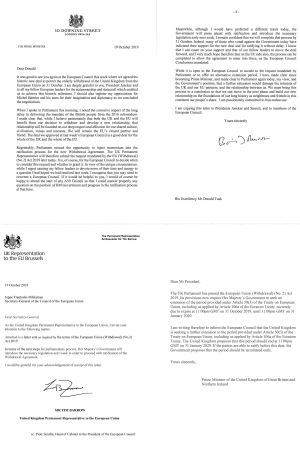 Boris Johnsons brev till EU. Nere till höger brevet som begär om brexituppskov som Johnson inte undertecknat. Bredvid det ett följebrev av den brittiska EU-ambassadören. Uppe Johnsons brev till rådsordföranden Donald Tusk där Johnson förklarar att han egentligen inte vill ha något uppskov. Boris Johnsons brev till EU med begäran om uppskov och ett förklarande brev där han motsätter sig det.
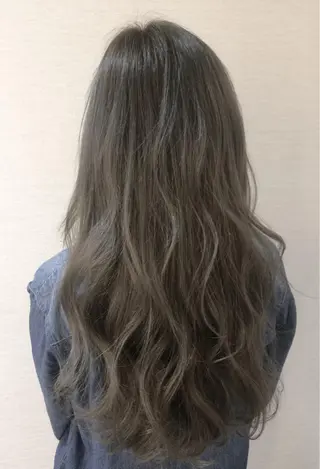 ロング ブリーチなしダブル/ レイヤーカット 小棹のヘアスタイル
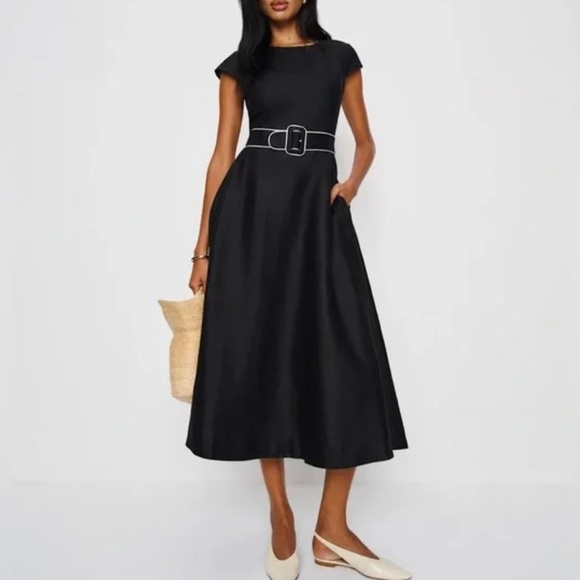 Reformation Dresses & Skirts - Reformation Felipe Belted Linen Dress In Black, NWOT, never worn, no flaws.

***

▶ **ABOUT THIS TASK**
Begin with the line that contains "ロング ブリーチなしダブル/ レイヤーカット 小棹のヘアスタイル" and repeat every line through the end of the data, exactly and only those lines, leaving out the pictures.

▶ **TASK SOLUTION**
 ロング ブリーチなしダブル/ レイヤーカット 小棹のヘアスタイル
 Reformation Dresses & Skirts - Reformation Felipe Belted Linen Dress In Black, NWOT, never worn, no flaws.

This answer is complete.